Stem cells for SA boy in medical trial for cerebral palsy
A Three-year old SA child with cerebral palsy is on his way to Duke University in North Carolina, US, to have stem cells from his umbilical cord blood transfused into him.
The therapy is experimental but it is hoped that the once-off transfusion will help improve his movement and coordination. When he was born, the child's parents stored his umbilical cord blood at one of two private banking labs in the country called Netcells. The parents declined to speak to the media.
Duke researcher Joanna Kurtzberg, who will work with him, was the first person to ever use umbilical cord blood, rich in stem cells, in a 1993 transfusion. She used it to treat diseases usually treated with bone marrow transplants, such as blood cancers, other blood diseases, anaemia and genetic conditions.
Scientific director of Next Biosciences Yvonne Holt called her the "Doyenne of cord blood transplant".
Stem cells divide into cells that can form all the kinds of tissue normally found in the body, including nerve, muscle, bone and bone marrow. There is ongoing research using stem cells to treat Type 1 diabetes, neurological conditions, autism, brain injury, skin regeneration and orthopedics.
The child will be assessed before the once-off transfusion and monitored afterwards to see if his motor abilities improve.

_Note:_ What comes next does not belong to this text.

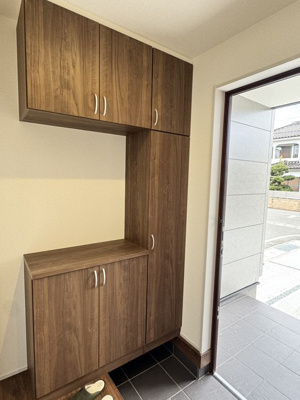 【トイレ】 | リーブルガーデン小野市神明町４期 | コンパクトで使いやすいトイレです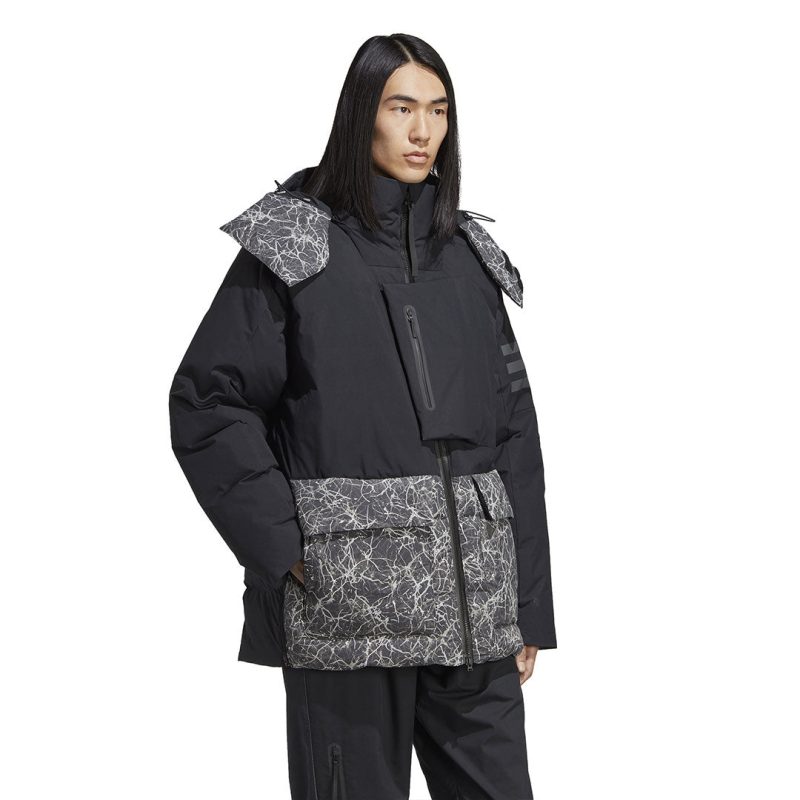 adidas Men s Terrex x Wander Xploric Jacket HN6940 03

There is no cure for cerebral palsy.
There is also no guarantee the treatment will work as it remains an unproven treatment but has been researched at Duke for eight years. "It has worked well in some patients and in some patients there has been minimal change," said Holt. Even if it doesn't work, his involvement will add to the body of research, she said.
The three-year-old is one of only two children whose cord blood has been stored privately in SA to ever use it. There are more than 24000 units of cord blood stored in labs Cryo-Save and Net Sciences. The starting cost to store umbilical cord blood is R17600 at Cryo-Save.
The SA Society of Obstetricians and Gynaecologists suggests doctors tell parents about the "remote chance" of their child's cord blood actually being used.
Professor Michael Pepper from the Medical Research Council said international public banks storing donated umbilical cord blood have a 1 in 100 sample retrieval rate.
The SA private banks said it is "a form of medical insurance," for "families of African descent or mixed race who are under-represented in international public donor banks".